Muslim separatists waged a revolt through the 1990s in Thailand's three southernmost provinces, which have a Muslim majority in the predominantly Buddhist country. But villagers said the latest militancy has been shaped and sharpened by what they call oppressive U.S. policies in Iraq and elsewhere.
"Villagers often talk about American abuses of Muslims -- in the mosque, in the coffeehouse, wherever they gather, especially if there's a television and the news is on. The way Muslims are treated really makes people angry," said Masduki, 38, a slight Suso villager. "Some people in the village say the way the Thai government treats Muslims is the same way Americans treat Muslims."
Until four months ago, southern Thailand was generally calm. But on Jan. 4, unidentified attackers raided a Thai army camp, killing four soldiers and capturing 300 weapons. The government of Prime Minister Thaksin Shinawatra responded by imposing martial law and dispatching more troops to the south.
Local residents complained about arbitrary killings and arrests, commando-style raids on mosques and unwarranted searches of their religious schools. The clampdown stirred simmering resentments over perceived discrimination by Thailand's majority Buddhists. Residents of southern Thailand said Muslims were denied a fair share of places in universities and government jobs, that Muslim villages received paved roads and electricity long after Buddhist ones, that it was easier to get government approval for nightclubs than for Islamic schools.
In Suso, tucked deep in the groves of skinny rubber trees, villagers followed events in Bangkok and beyond on a large television set out on a shelf in the local coffee shop, an open-air structure under a thatched roof. The men, clad in sarongs and often wearing white Muslim caps, gathered nightly after sunset prayers at the nearby mosque, villagers said. The news provoked debate and consternation among the patrons, while reports about suicide attacks in Iraq and Israel drew praise.

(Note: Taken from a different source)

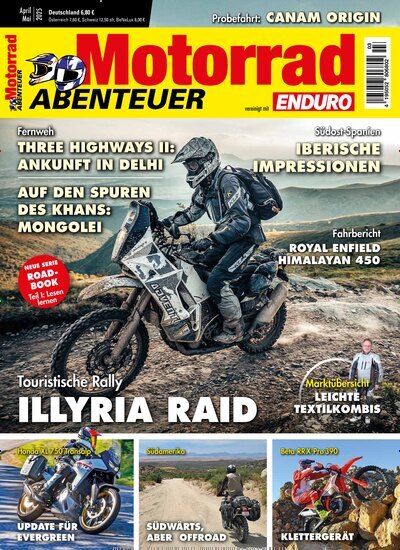 Titelbild der Ausgabe 3/2025 von Motorrad ABENTEUER. Diese Zeitschrift und viele weitere Automagazine und Motorradzeitschriften als Abo oder epaper bei United Kiosk online kaufen.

After mornings in the rubber tree groves and afternoons on the soccer field, Dareh Dueramae, 32, would wade into the coffee shop talk, recalled his niece, Manasada Jehmasong, 22, days after his death.
"He talked about the situation in the south like other people. After January 4, the situation became scary, and people were getting killed," Jehmasong said inside her modest wood-plank home, erected on stilts, like many in the village. "People compared what's happening in Iraq with the local people who have been killed since January 4."
T-shirts depicting Osama bin Laden were a common sight during recent visits to Suso. At the new village mosque, still under construction, a notice was posted outside the entrance: "Stop buying American and Jewish products. The money you spend goes to buy weapons to kill our Muslim brothers."
It was at the mosque that the soccer players often gathered, sometimes spending the night there in private conversation, relatives said.
T.R. Sport was a tight-knit group of men, 18 to 32 years old. Many had played together since they were schoolchildren. They took their name from the Than Khiri subdistrict, where Suso is located, and they were the top team in that area. Some aspired to play soccer at the provincial, even national level, said coach Pittaya Maeprommit. His younger brother, Kamaruding, 23, a midfielder on the squad and one of those who died in the raid, had been named to the team from Songkhla province.
Players as Proselytizers
But as sons of poor rubber tappers, they could not afford to go to schools with strong soccer programs. Though a few of the players had attended private Islamic high schools in surrounding towns, most stopped studying by the time they were 14 to work in the groves, said Somkhit Khwaisuk, principal of the local elementary school.
On April 25, the players pulled on their green jerseys and returned to that school for the local tournament. On a field with goals fashioned from long tree branches, T.R. Sport beat out seven other teams for the championship.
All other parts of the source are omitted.